Is Australia a safe investment?

Updated: Dec 24, 2019

I get asked this a lot. And that's great because the quick answer is basically ‘no’. It is most definitely not safe. Every Australian should take a long, hard look at their investment portfolio and re-think just how safe they have assumed Australian stocks really are.

Here are three ways I encourage my clients to think about how they have invested, and how they could diversify their portfolio.



From a risk management perspective

Most people are what I call triple leveraged to the Australian economy. They have:

(1) a job in Australia

(2) a house (mortgage) in Australia, and

(3) investments in Australian companies or shares.

This gives people zero diversity and exposes them completely to an Australian downturn or recession. Now, before you panic and check the expiry date on your passport, remember this is risk management. We are not discussing the likelihood that Australia WILL enter a recession (though I think it will, but that's another article). This is just basic risk management. For peace of mind, you simply do not put all your eggs in one basket. Yet, most people do and mistakenly believed they are diversified.


From a debt perspective

Australia has the second largest personal debt to Gross Domestic Product (GDP) ratio in the world. And it's getting worse, not better. In fact, ever since the global financial crisis (caused by too much debt), the financial situation of the average Australian has deteriorated substantially.

We currently stand at over 200% debt to GDP. Australia’s GDP may appear positive, but that is because we are accumulating debt. To put it simply, imagine you take out a loan and when the money hits your bank account you sit back and admire the all the money you have. Except you don’t have wealth, you have debt that is accumulating interest.

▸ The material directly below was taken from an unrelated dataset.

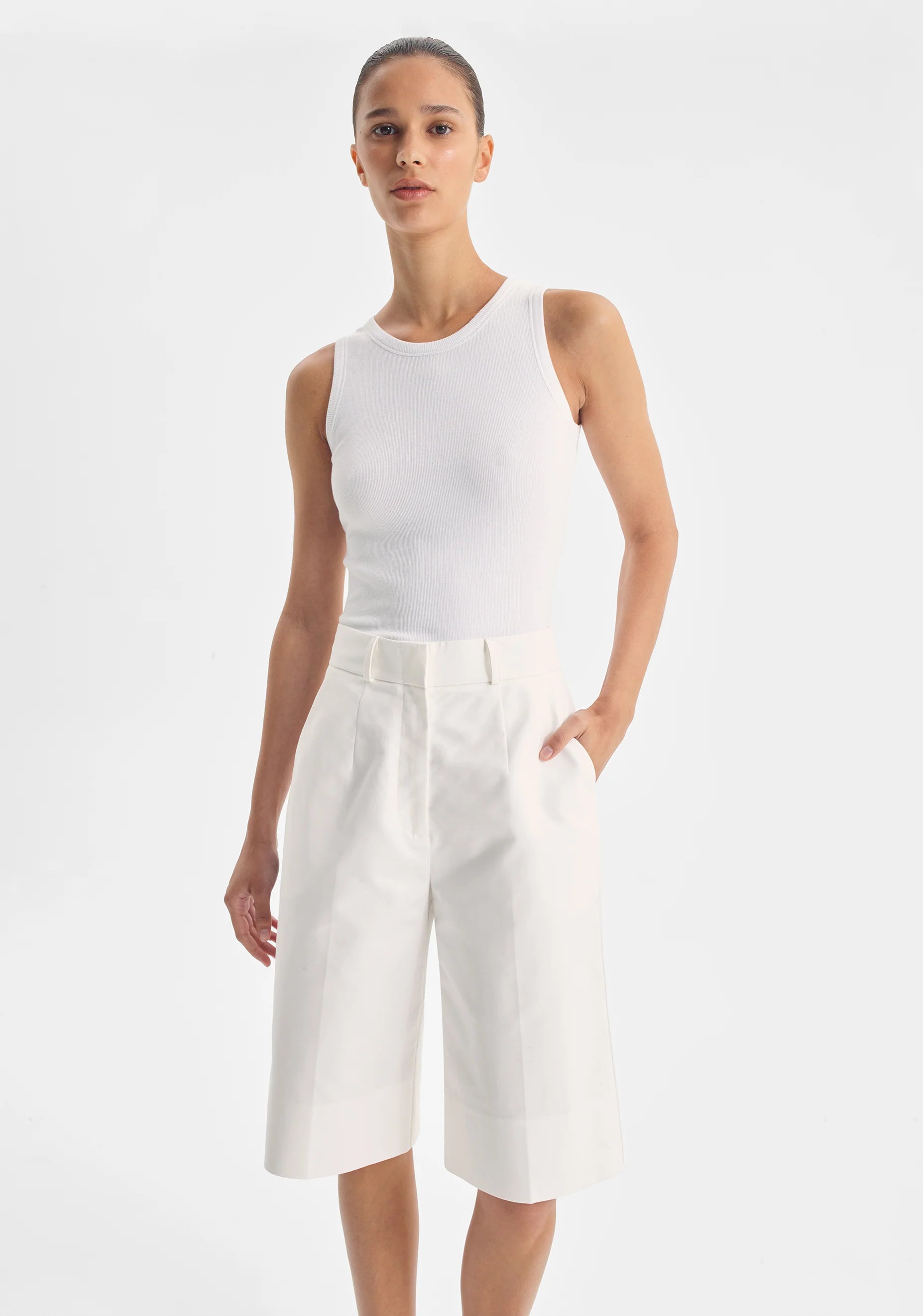 Elliot Bermuda Short - White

The debt Australia has been accumulating is making the economy look stronger than it is. But like a person, eventually Australia will reach a point where it can’t afford to pay the interest on the debt. The debt is too high. The economy will reach its debt capacity and there are signs that we may be rapidly approaching that stage.


From an economic diversity perspective

Australia has one of the least diverse or least complex economies in the world. Check out the rankings here. At the time of writing this, Australia is ranked at #55. Almost halfway down the list; above Nambia, but below Egypt.

The more complex an economy, the more 'diverse' and robust it is. Generally, complex economies are in a better position to weather an economic downturn, or take advantage of economic and technological developments and changes.

Advanced economies like that of Japan, Germany and the United States rank higher on the list. They have a diverse economy. They produce an enormous range of products that are consumed by markets across the world. Whereas non-diverse economies are more limited in their trading. Countries like Bolivia, Bangladesh and Zambia rank in the lower half of the list. At times their economies may be stagnant and slow.


It's all a bit frightening. In this case, complexity represents economic diversity. And diversity is what keeps you safe when things go wrong, because where there are losers, there will be winners. And in a diverse economy, the winners help the economy by becoming the new engines of growth. If you lack diversity in your economy, you run the risk of ending up with just losers.


There are of course other ways to measure the riskiness of the Australian economy. But these three should tell you enough. Australia is a 'RISKY' country.